Ministers knew the game was up when Lisa Nandy, a key May target, said the PM had not gone far enough on a customs union. In fact, May would have moved further but the cabinet would not let her. Similarly, her plan to offer a free vote on a Final Say referendum was also blocked at yesterday’s heated cabinet session.

The Brexit saga is littered with “what ifs” but if May had offered her 10-point “consensus” two years ago, after losing the Tories’ overall majority, it might just have worked. The only way to save her deal at this very late stage would have been to include a confirmatory referendum in the bill. (She offered a vote on a referendum during the bill’s passage but that would happen anyway if it secured a second reading as MPs could table amendments). But a confirmatory referendum would probably have provoked cabinet resignations and an even more hostile reaction from Tory MPs. Again, May was snookered.

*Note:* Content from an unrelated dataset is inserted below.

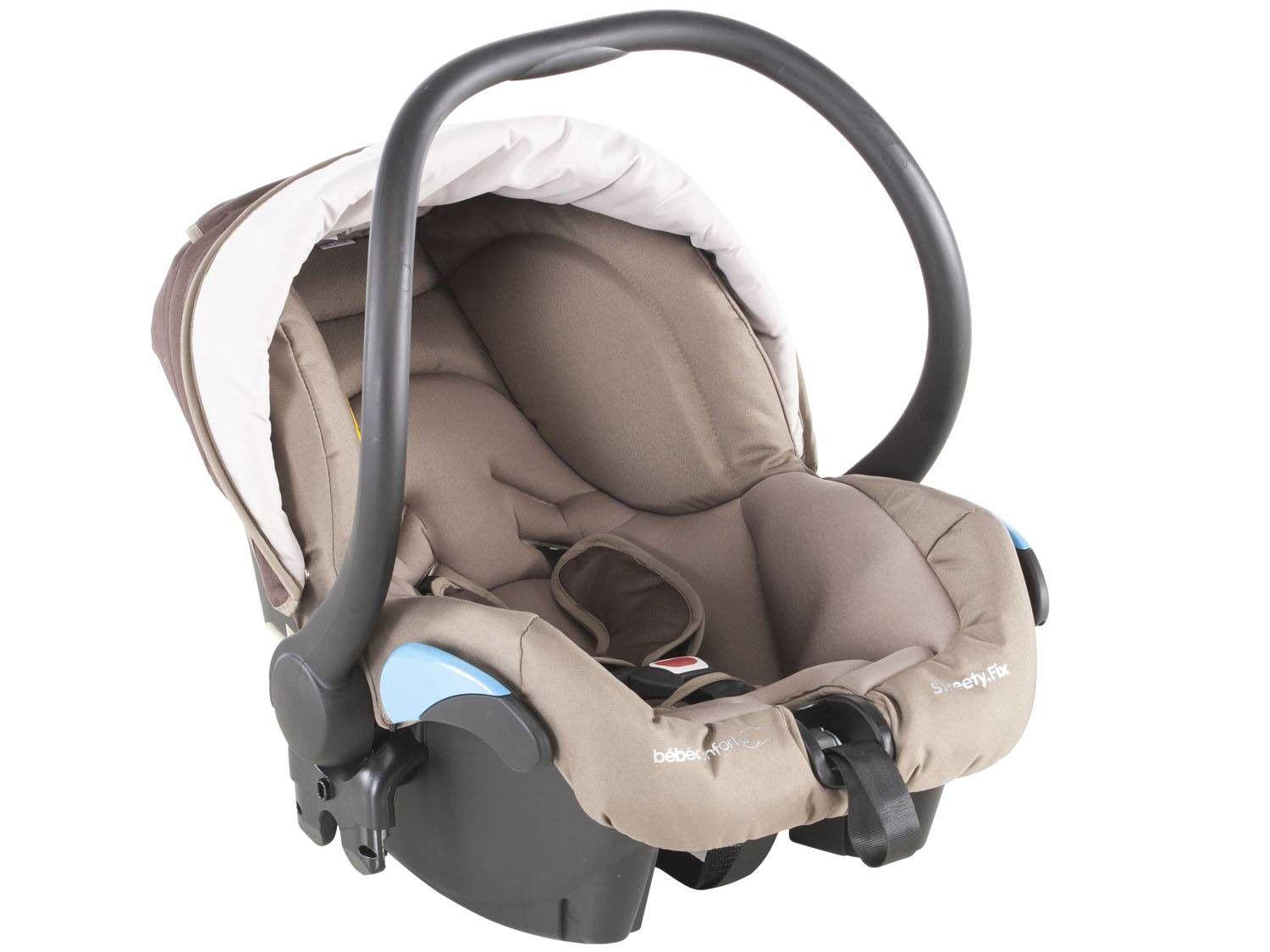 Bebe Conforto Bebe Confort Streety Fix Com Base Para Criancas Ate 13kg Bebe Conforto Magazine Luiza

She is now powerless to solve the problem that has haunted her all along: both Brexiteers and Remainers would rather hold out for their dream scenario than compromise. Eurosceptics wait for a new leader and possibly a no-deal exit, and are prepared to risk MPs finding a way of blocking it. Supporters of Remain and a referendum believe they will have a better chance of building a majority as the way to stop no deal just before the 31 October deadline. They are prepared to risk getting close to the cliff edge again.

I am struck by how revocation of Article 50 – scrapping Brexit altogether – has entered the mainstream of the debate in recent weeks. It is now the policy of Change UK. It might come to this if May’s successor embraces no deal as active policy, which they might. But if MPs overturned the 2016 referendum, it would play into Nigel Farage’s hands. The best route out of this mess is to give the people the Final Say.